Our home is located in the southwestern part of the state of Montana about 60 miles north of Yellowstne National Park, and just west of the town of Gallatin Gateway, The town was originally settled as Salesville, in the mid-1800s. It, the river and the valley were named after President Thomas Jefferson's Secretary of the Treasury, who provided Lewis and Clark with the resources necessary to make their famous trip. The Valley is range land for cattle and pigs, farm land for winter wheat, and wilderness for Elk, deer, rabbits, brown bear, grizzley bear, moose, beaver, fox, coyote, wolf, river otters, bison and other mammals.
It is winter sanctuary for bald eagles and golden eagles, and a migratory stop-off for geese, cranes and many other birds.
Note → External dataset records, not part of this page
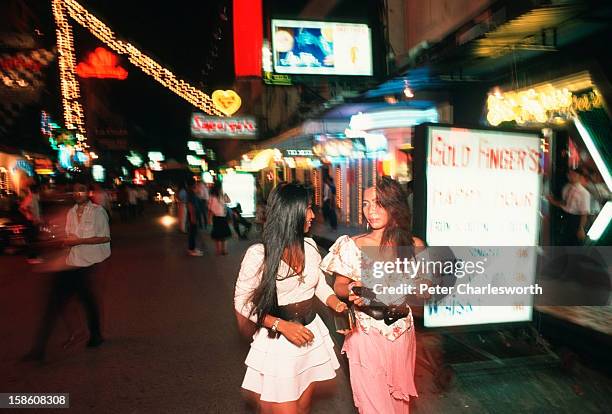 Scene from the red-light district - Patpong - women involved in the sex-industry parade outside various bars and Go-Go bars. .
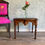 Thumbnail: front view of wood, twisted leg table with a vase on top with one flower. A brightly painted chair sitting next to it is partially showing.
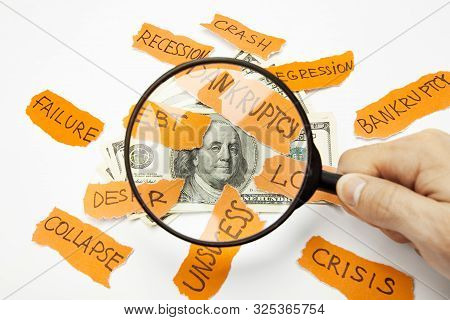 Male Hand Holding Magnifier Above 100 Dollars Stack Bombarded With Problems. Financial Research, Dol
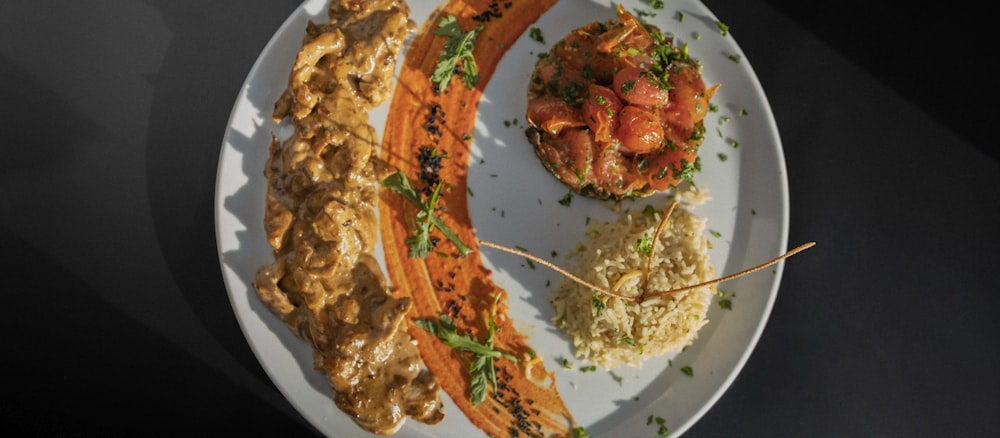 a white plate topped with different types of food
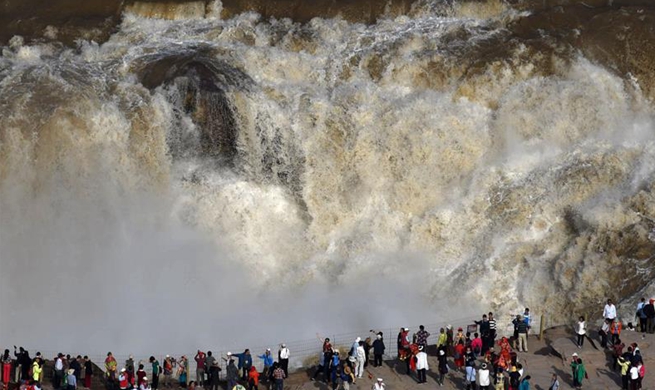 People enjoy scenery at Hukou Waterfall in China's Shanxi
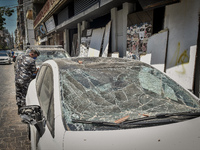 A damaged car is seen the day after a massive explosion at the port on August 5, 2020 in Beirut, Lebanon. According to the Lebanese Red Cros...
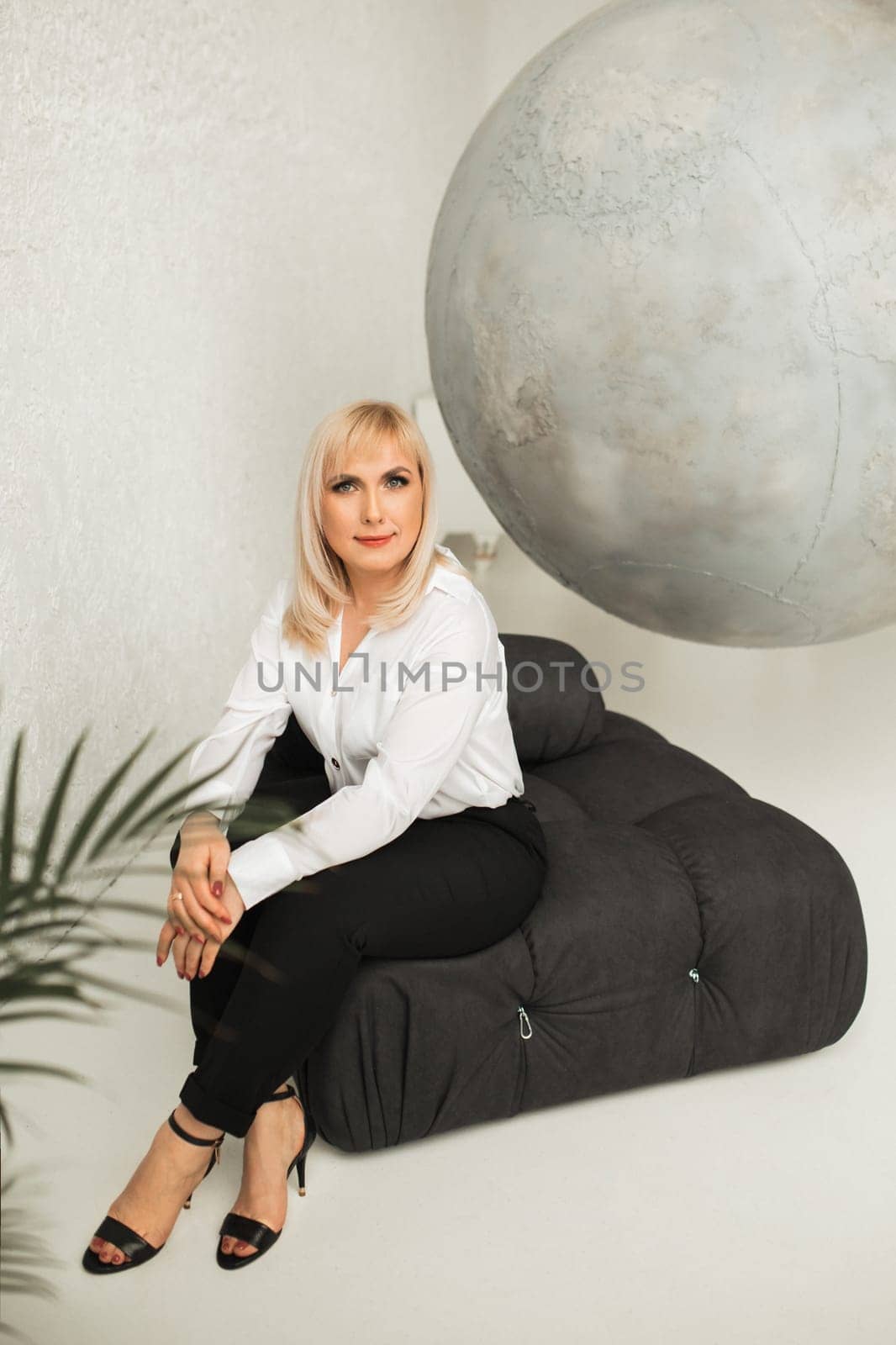 A fashionable woman In a white shirt and black pants poses in the interior.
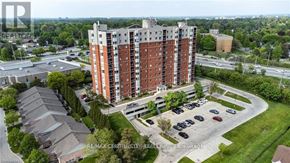 London North (North I) condo for rent - A large apartment building with a parking lot in front.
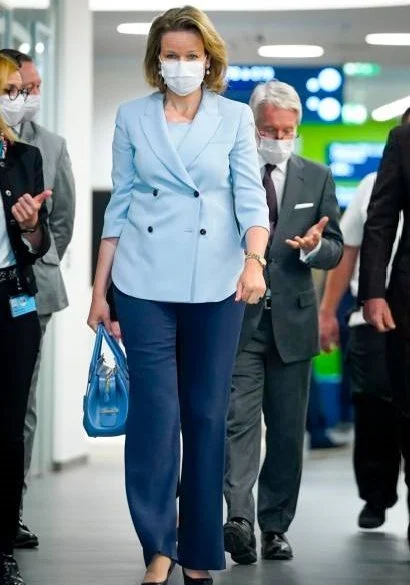 Queen Mathilde wore a blue double-breasted blazer by Emporio Armani. Queen carries Armani bag. Meghan Markle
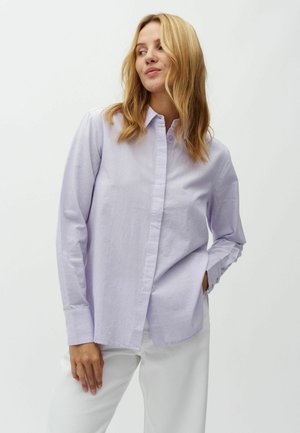 Frau mit schulterlangem blondem Haar, die ein hellviolettes Hemd mit Knöpfen und eine weiße Hose trägt, steht mit einer Hand in der Tasche.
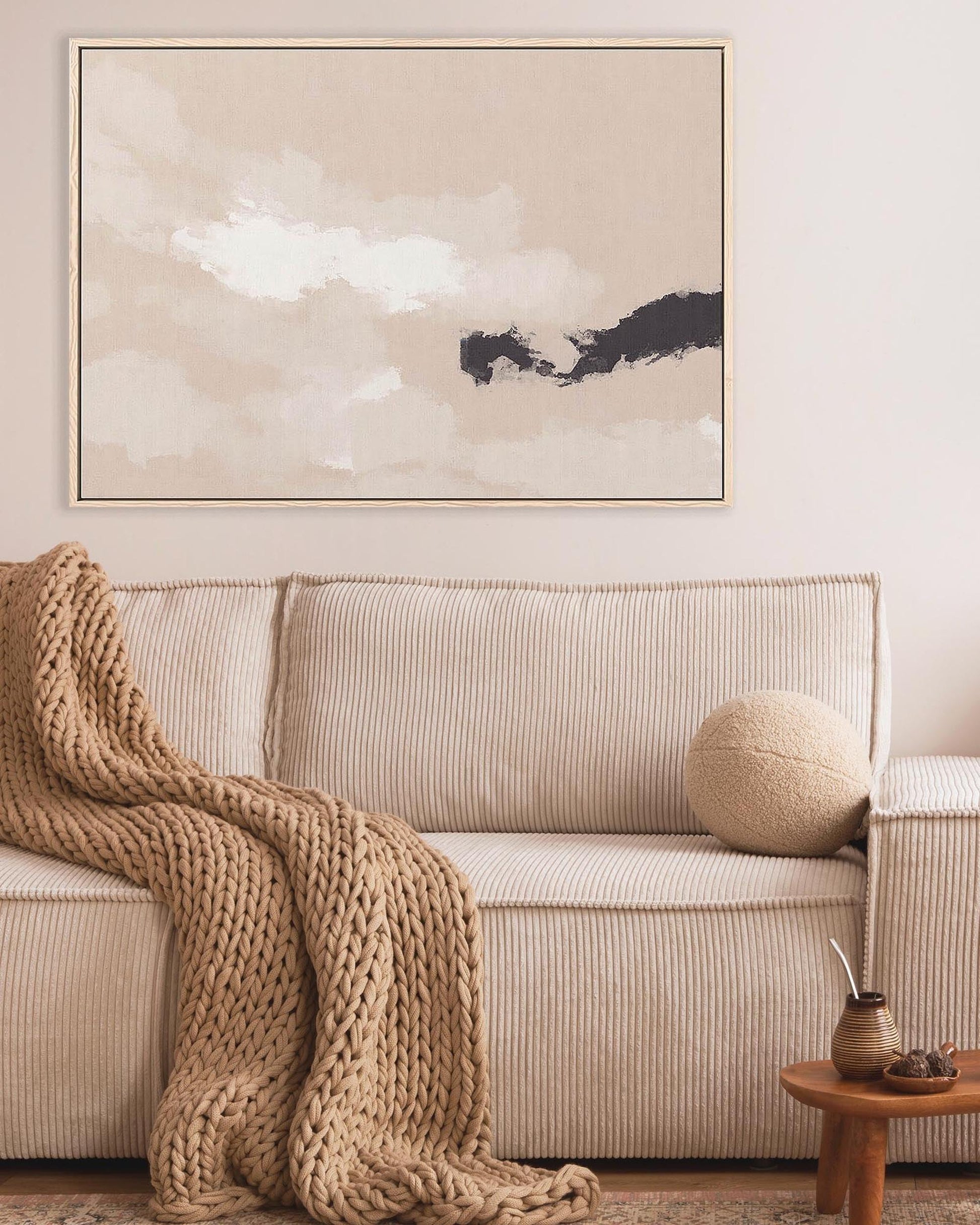 Cozy living room with a beige sofa, chunky knit blanket, and abstract wall art.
It is also the native home to cutthroat trout, artic grayling and mountain whitefish. In more recent times, brown, rainbow and brook trout have intruded on the menagerie.
The property we are privileged to shepherd for a time is part of what used to be a much larger ranch encompassing much of the southwest portion of the Gallatin Valley. We have managed to reconnect about 32-acres of the old Plum Ranch, a very small amount by Montana standards, and have left it pretty much as we found it, save for some improvement of the pond fishery that is on the property. The land covers one of two channels of the Gallatin River, which provides tremendous fishing for wild trout. Also on the property is a pond, which is filled via a natural spring of substantial flow. The head of the spring was a gathering point for Nez Perce tribe members in centuries past, and one can find an occasional arrowhead or other trace artifact near it. Even today, we are occasionally visited by members of the tribe, who request and are granted permission to use our land by the river to build a tradiional sweat lodge.
The small farm house was built around 1911 and served as the main family outpost on the larger property for nearly 80 years, before the ranch was subdivided.
To the south is the gateway to the rugged Gallatin Canyon, Big Sky ski destination resort and the entrance to Ted Turner's 112,000 acres of marvelous wilderness, which bridges the Gallatin and Madison River basins. He raises about 2500 bison and provides a home for most of the wild animals listed above. Last time we visited his property for a few hours, we spotted to bears, including one bright red cinammon bear. West of us is the lower, northern part of the Madison range, leading to the Madison River, one of the world's most reknown trout fisheries. Just to the east of the Gallatin Valley is Paradise valley, the defining terrain of the Yellowstone River, the longest undamned river in the United States. Finally, north of us the valley terminates into the Bridger Mountains, named for the explorer Jim Bridger Through a small opening in the mountains to the northwest the Gallatin River joins the Madison River and the Jefferson River to form the Missouri RIver at Three Forks.